When working on a pod in EKS with Pod Identity assigned, it is not possible to assume another role using ~/.aws/config and profiles.

When specifying role_arn in ~/.aws/config, it is required to provide source_profile or credential_source. Since we are in the pod, source_profile is not an option. Unfortunately credential_source is pretty limited:

• Environment value does not work as there is no env variables
• Ec2InstanceMetadata points to the IAM role attached to the EC2, Pod Identity is not being used
• EcsContainer is for ECS

Expected Behavior

It should be possible to instruct aws-cli to use EKS Pod Identity as a credential_source.

Current Behavior

It is not possible to utilize aws-cli with Assume Role mechanism using named profiles within ~/.aws/config when working on a EKS Pod Identity-enabled pods.

Reproduction Steps

1. Create EKS with Pod Identity agent
2. Assign sts:assumeRole permission to the pod
3. Prepare IAM role to be assumed
4. Create the pod with the Pod Identity assigned, prepare ~/.aws/config
5. Try to assume a different IAM role using aws --profile

Possible Solution

No response

Additional Information/Context

No response

CLI version used

2.15.57

Environment details (OS name and version, etc.)

aws-cli/2.15.57 Python/3.12.6 Linux/6.8.0-41-generic source/x86_64.alpine.3

[drunkensway]

experiencing this as well using hashicorp/terraform:1.5.6.

after installing the aws cli and running aws configure set role_arn <role-arn> getting:

Error relocating /usr/lib/python3.11/lib-dynload/pyexpat.cpython-311-x86_64-linux-musl.so: XML_SetReparseDeferralEnabled: symbol not found

[tim-finnigan]

experiencing this as well using hashicorp/terraform:1.5.6.

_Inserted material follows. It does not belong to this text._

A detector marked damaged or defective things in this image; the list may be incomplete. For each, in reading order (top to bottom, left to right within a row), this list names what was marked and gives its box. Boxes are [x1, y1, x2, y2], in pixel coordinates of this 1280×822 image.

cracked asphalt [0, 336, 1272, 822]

after installing the aws cli and running aws configure set role_arn <role-arn> getting:

Error relocating /usr/lib/python3.11/lib-dynload/pyexpat.cpython-311-x86_64-linux-musl.so: XML_SetReparseDeferralEnabled: symbol not found

Same error as #8913, replied there:

Looks like this is the same as hashicorp/terraform#35715, where a member of Terraform replied:

The Dockerfile for the build wasn't changed during that time, so any differences would be solely from the upstream image. Your above example works correctly if the package is updated, and I also confirmed that newer images have already updated the problematic packages.
Closing since there's nothing the Terraform CLI can do to fix the old docker image.

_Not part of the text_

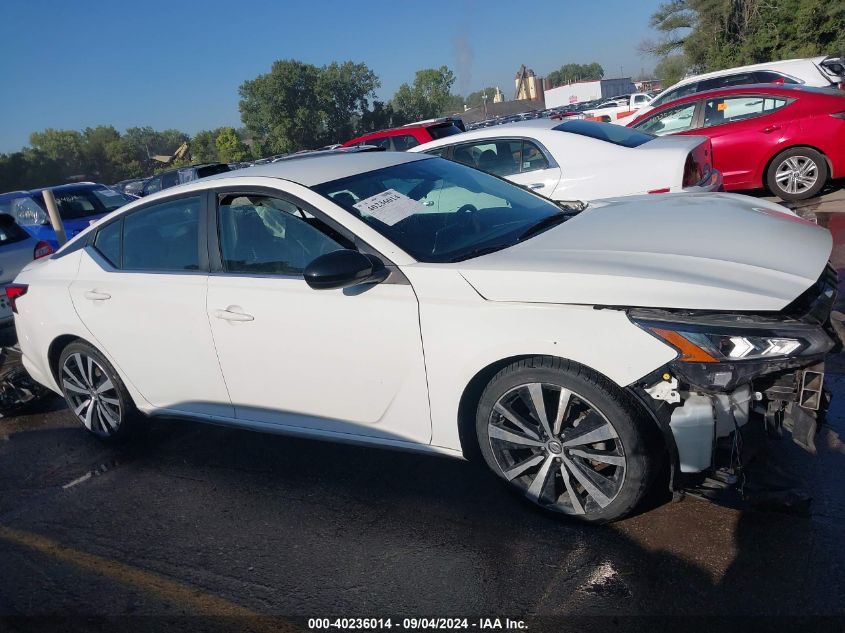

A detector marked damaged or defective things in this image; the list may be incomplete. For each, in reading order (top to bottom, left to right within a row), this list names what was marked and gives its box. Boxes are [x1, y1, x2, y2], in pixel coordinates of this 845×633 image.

damaged front end [628, 264, 836, 496]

Can you confirm that this is fixed in newer images?

[tim-finnigan]

But the original issue here looks related to #3875 and aws/aws-sdk#350.

[jcary741]

I am encountering this as well, which is breaking our gitlab CI that uses apk add aws-cli.

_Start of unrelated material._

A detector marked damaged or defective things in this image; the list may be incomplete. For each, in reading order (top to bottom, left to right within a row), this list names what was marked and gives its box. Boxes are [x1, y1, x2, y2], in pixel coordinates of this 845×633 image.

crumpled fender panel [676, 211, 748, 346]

Here is the relevant section from a working run from yesterday:

$ apk add --no-cache aws-cli
fetch https://dl-cdn.alpinelinux.org/alpine/v3.18/main/x86_64/APKINDEX.tar.gz
fetch https://dl-cdn.alpinelinux.org/alpine/v3.18/community/x86_64/APKINDEX.tar.gz
(1/59) Installing libbz2 (1.0.8-r5)
(2/59) Installing libffi (3.4.4-r2)
(3/59) Installing gdbm (1.23-r1)
(4/59) Installing xz-libs (5.4.3-r0)
(5/59) Installing libgcc (12.2.1_git20220924-r10)
(6/59) Installing libstdc++ (12.2.1_git20220924-r10)
(7/59) Installing mpdecimal (2.5.1-r2)
(8/59) Installing libpanelw (6.4_p20230506-r0)
(9/59) Installing readline (8.2.1-r1)
(10/59) Installing sqlite-libs (3.41.2-r3)
(11/59) Installing python3 (3.11.8-r1)
(12/59) Installing python3-pycache-pyc0 (3.11.8-r1)
(13/59) Installing pyc (0.1-r0)
(14/59) Installing py3-certifi (2024.2.2-r0)
(15/59) Installing py3-certifi-pyc (2024.2.2-r0)
(16/59) Installing py3-cparser (2.21-r2)
(17/59) Installing py3-cparser-pyc (2.21-r2)
(18/59) Installing py3-cffi (1.15.1-r3)
(19/59) Installing py3-cffi-pyc (1.15.1-r3)
(20/59) Installing py3-cryptography (41.0.3-r0)
(21/59) Installing py3-cryptography-pyc (41.0.3-r0)
(22/59) Installing py3-six (1.16.0-r6)
(23/59) Installing py3-six-pyc (1.16.0-r6)
(24/59) Installing py3-dateutil (2.8.2-r3)
(25/59) Installing py3-dateutil-pyc (2.8.2-r3)
(26/59) Installing py3-distro (1.8.0-r2)
(27/59) Installing py3-distro-pyc (1.8.0-r2)
(28/59) Installing py3-colorama (0.4.6-r3)
(29/59) Installing py3-colorama-pyc (0.4.6-r3)
(30/59) Installing py3-docutils (0.19-r4)
(31/59) Installing py3-docutils-pyc (0.19-r4)
(32/59) Installing py3-jmespath (1.0.1-r1)
(33/59) Installing py3-jmespath-pyc (1.0.1-r1)
(34/59) Installing py3-urllib3 (1.26.18-r0)
(35/59) Installing py3-urllib3-pyc (1.26.18-r0)
(36/59) Installing py3-wcwidth (0.2.6-r2)
(37/59) Installing py3-wcwidth-pyc (0.2.6-r2)
(38/59) Installing py3-prompt_toolkit (3.0.38-r1)
(39/59) Installing py3-prompt_toolkit-pyc (3.0.38-r1)
(40/59) Installing py3-ruamel.yaml.clib (0.2.7-r1)
(41/59) Installing py3-ruamel.yaml (0.17.28-r0)
(42/59) Installing py3-ruamel.yaml-pyc (0.17.28-r0)
(43/59) Installing aws-cli-pyc (2.15.14-r0)
(44/59) Installing py3-awscrt-pyc (0.20.2-r0)
(45/59) Installing python3-pyc (3.11.8-r1)
(46/59) Installing aws-c-common (0.9.12-r0)
(47/59) Installing aws-c-cal (0.6.9-r0)
(48/59) Installing aws-c-compression (0.2.17-r0)
(49/59) Installing s2n-tls (1.3.47-r0)
(50/59) Installing aws-c-io (0.14.2-r0)
(51/59) Installing aws-c-http (0.8.0-r0)
(52/59) Installing aws-c-sdkutils (0.1.14-r0)
(53/59) Installing aws-c-auth (0.7.14-r0)
(54/59) Installing aws-checksums (0.1.17-r0)
(55/59) Installing aws-c-event-stream (0.4.1-r0)
(56/59) Installing aws-c-mqtt (0.10.1-r0)
(57/59) Installing aws-c-s3 (0.4.10-r0)
(58/59) Installing py3-awscrt (0.20.2-r0)
(59/59) Installing aws-cli (2.15.14-r0)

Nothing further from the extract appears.